Captioned web image data:
┏━━

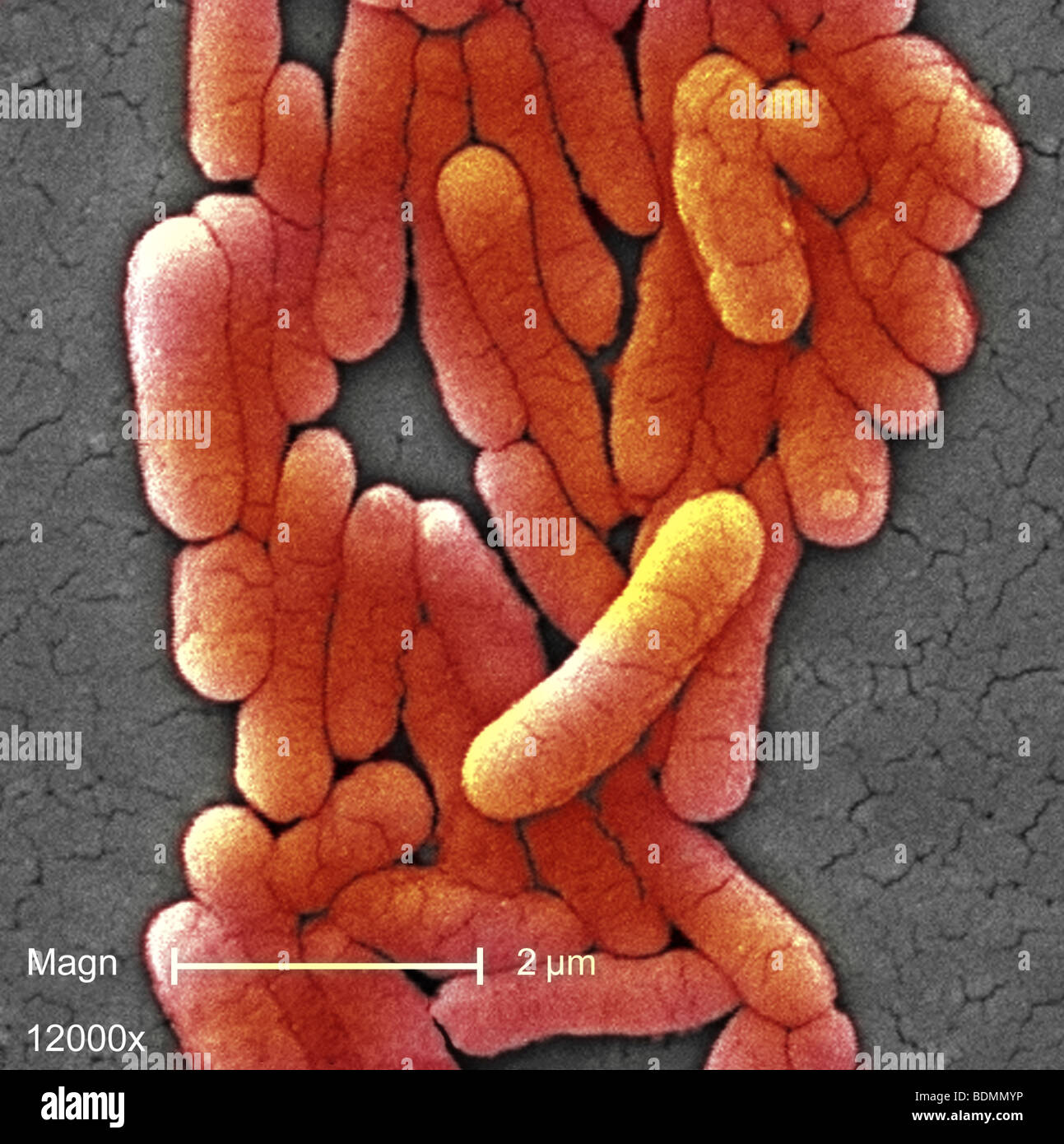 Scanning photomicrograph  of numbers of clustered Gram-negative Salmonella typhimurium bacteria at a magnification of 12000X Stock Photo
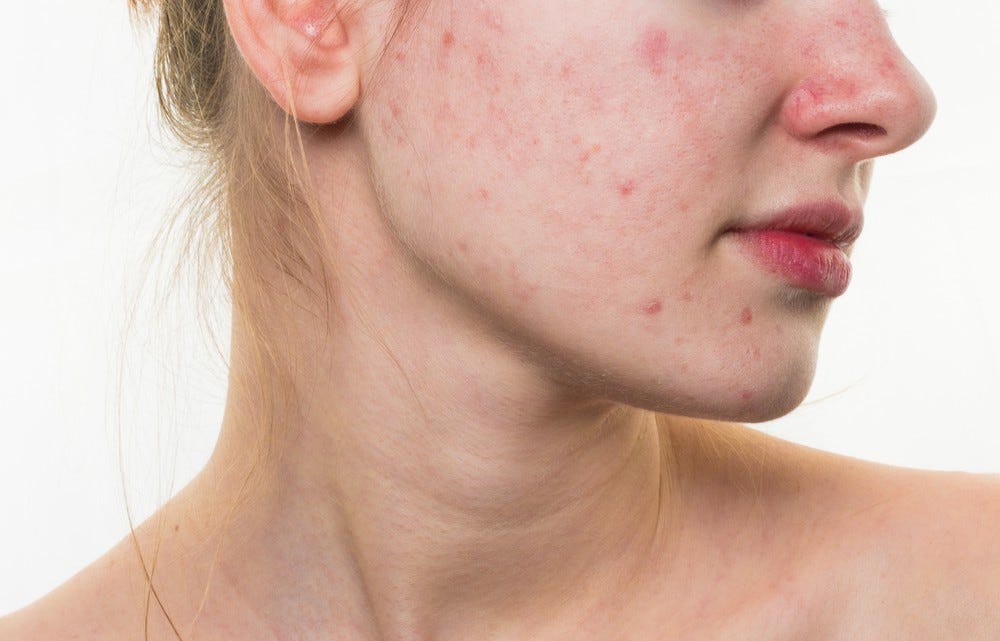 Quick Remedies to Get Rid of Pimples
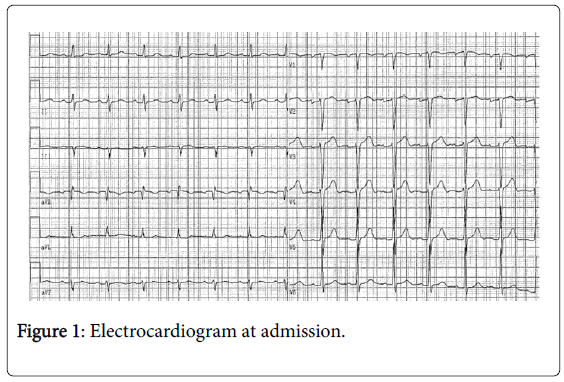 thrombosis-circulation-Electrocardiogram-admission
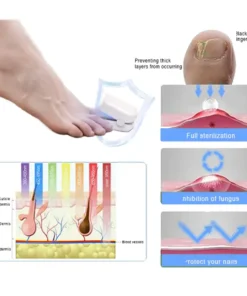 Fivfivgo™ Revolutionary High-Efficiency Light Therapy Device For Toenail Diseases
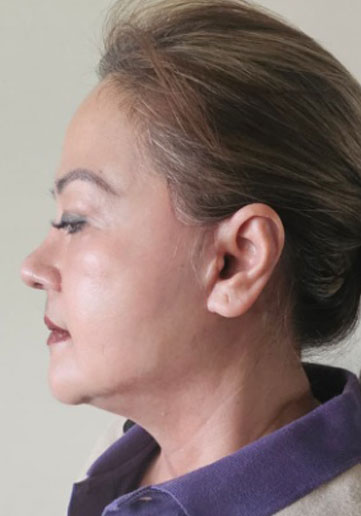 Janet 3 months post-op, left profile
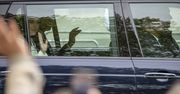 Brytyjskie media donoszą o złym stanie księżnej Kate. "Wymiotuje, ma nudności, wypadają jej włosy"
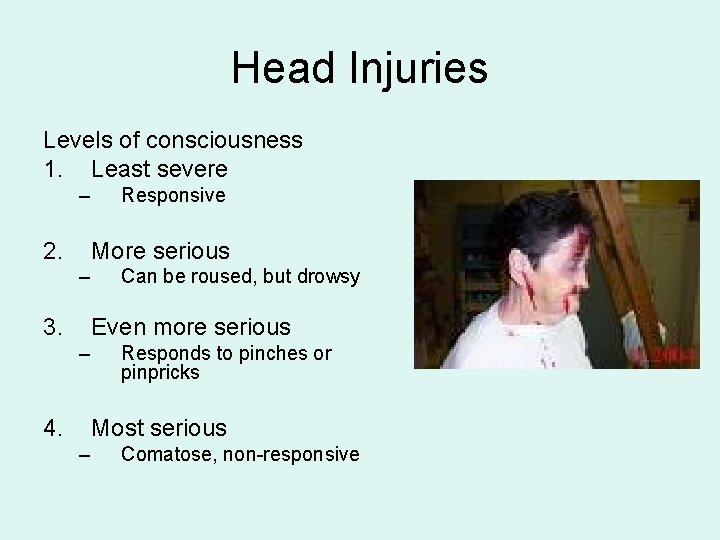 Head Injuries Levels of consciousness 1. Least severe – 2. Responsive More serious –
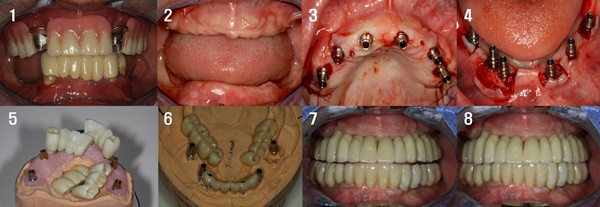 사진2= 임플란트 고정성 크라운 보철치료. 제3의 치아로 리모델링이 완성됐다.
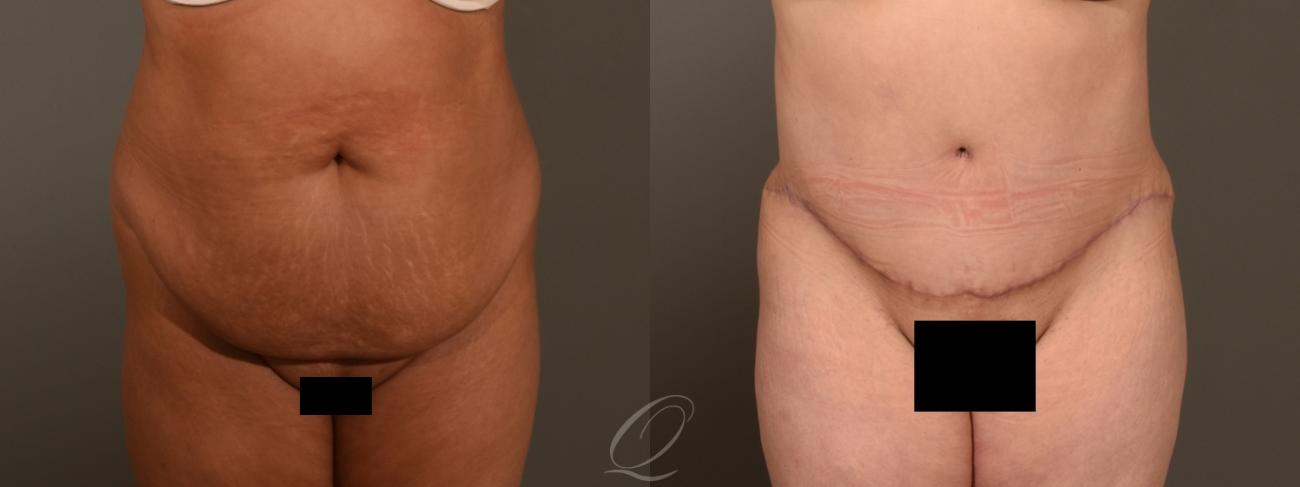 Tummy Tuck Case 1382 Before & After Front | Serving Rochester, Syracuse & Buffalo, NY | Quatela Center for Plastic Surgery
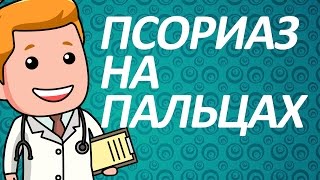 Псориаз на пальцах рук. Как лечить псориаз на руках? Псориаз на пальцах рук. Как лечить псориаз на руках?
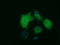 Histone deacetylase 10 antibody, TA500755, Origene, Immunofluorescence image 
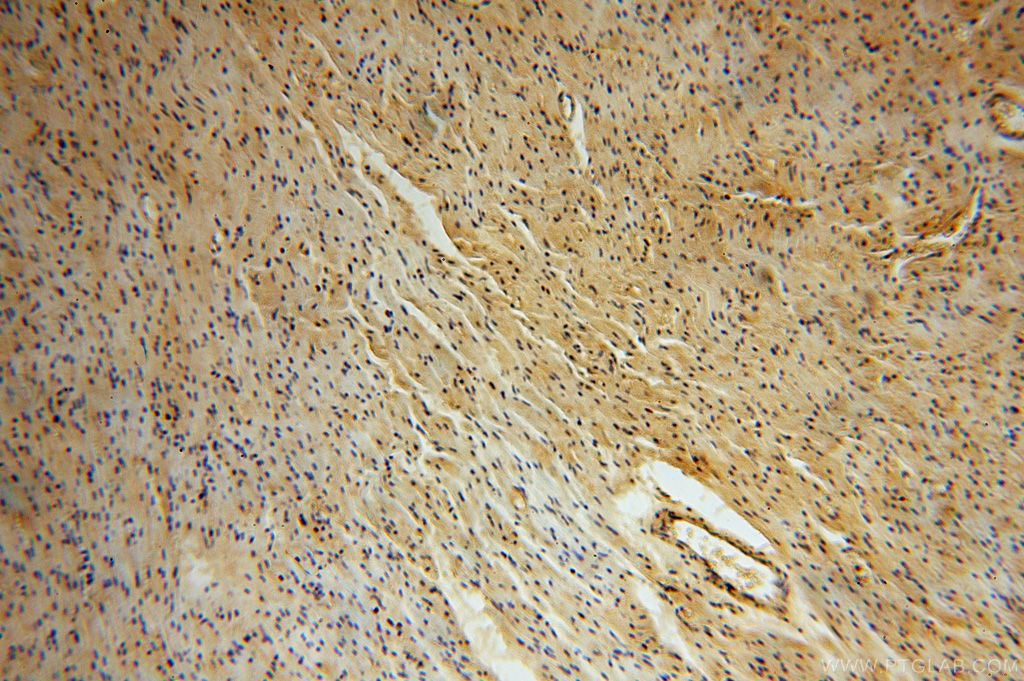 Immunohistochemistry (IHC) staining of human heart tissue using CA13 Polyclonal antibody (16696-1-AP)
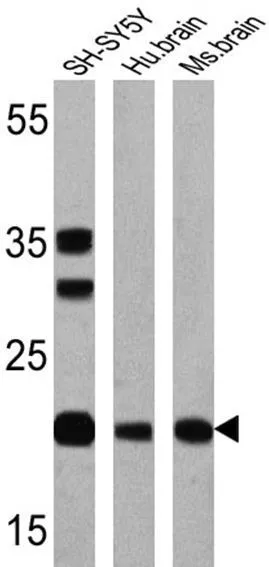 WB analysis of 25 ug of SH-SY5Y (lane 1),human brain (lane 2) and mouse brain (lane 3) using GTX15456 Presenilin 1 antibody [APS 11]. Dilution : 1:200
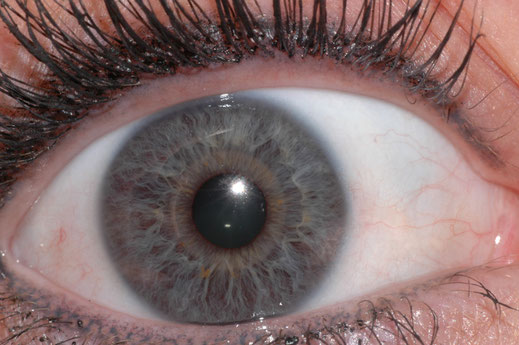 Iridology can help assess the state of the internal organs and the overall constitution of the body.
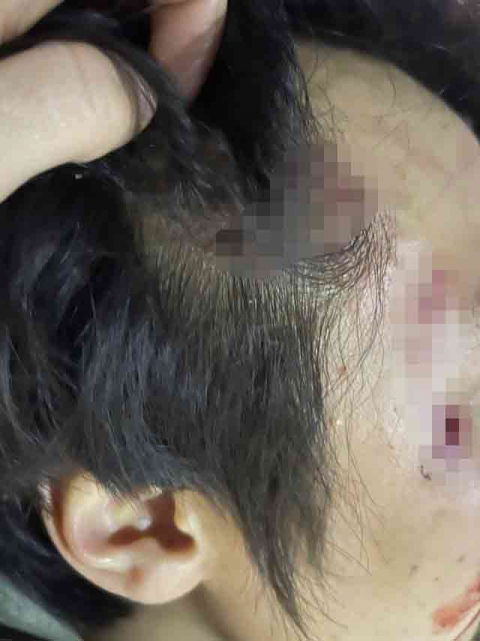 로트와일러 개물림 사고를 당한 A씨. 온라인 커뮤니티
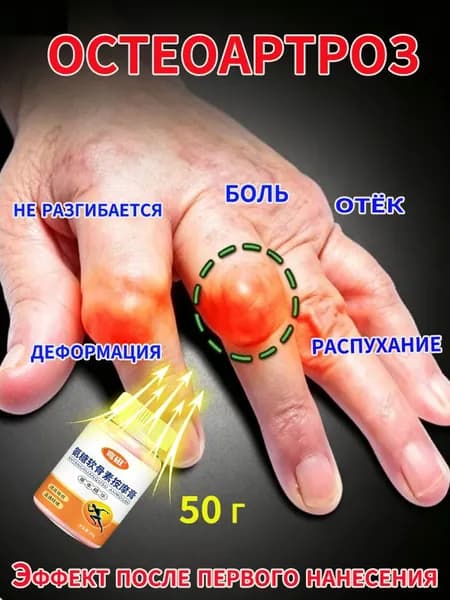 Мазь от артрита, Устранение боли при воспалении суставов, коленях, пальцах рук и т. д, на конечностях и для спины и артроза 50 г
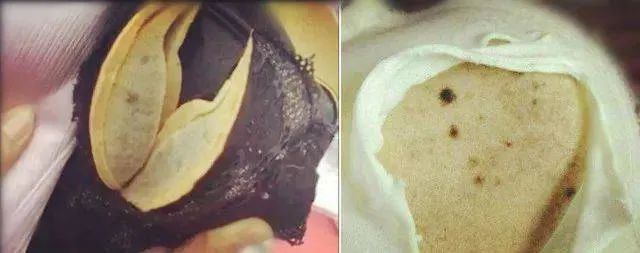 不仅勒,还热,胸前像在"蒸馒头"那该死的束缚感,勒出了无数条红色勒痕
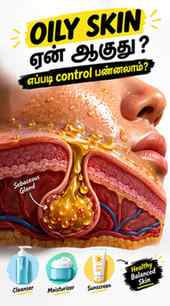 முகம் எப்போதும் எண்ணெய் போல இருக்கா? 😳 Oily skin-க்கு காரணம
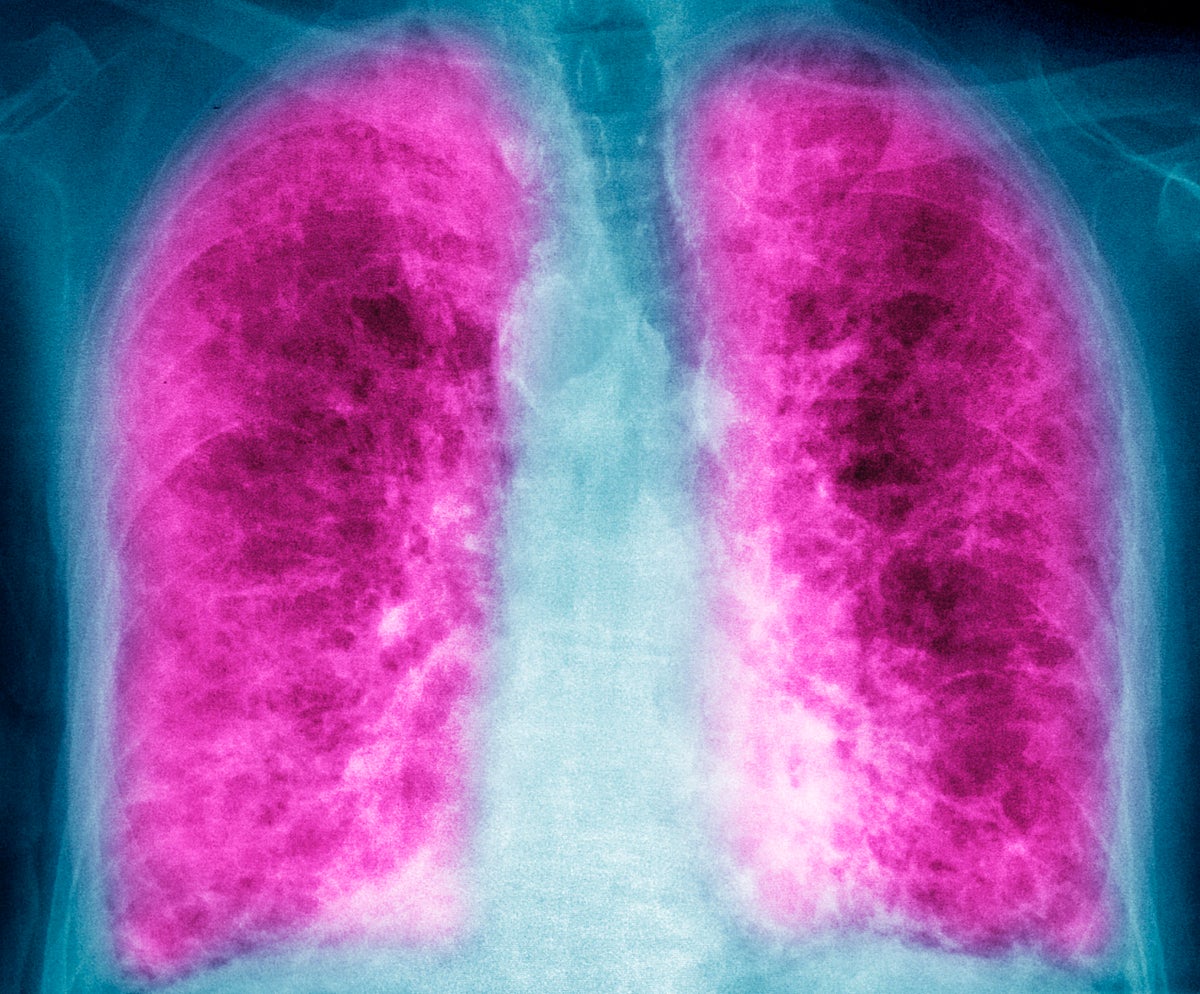 Can Mold Cause Lung Cancer?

┗━━

_TASK BRIEF_
From the records above, quote word for word only the lines beginning at the line that has "Histone deacetylase 10" and stopping after the line that has "로트와일러 개물림 사고를 당한 A씨. 온라인 커뮤니티". Omit the pictures.

_EXERCISE ANSWER_
 Histone deacetylase 10 antibody, TA500755, Origene, Immunofluorescence image 
 Immunohistochemistry (IHC) staining of human heart tissue using CA13 Polyclonal antibody (16696-1-AP)
 WB analysis of 25 ug of SH-SY5Y (lane 1),human brain (lane 2) and mouse brain (lane 3) using GTX15456 Presenilin 1 antibody [APS 11]. Dilution : 1:200
 Iridology can help assess the state of the internal organs and the overall constitution of the body.
 로트와일러 개물림 사고를 당한 A씨. 온라인 커뮤니티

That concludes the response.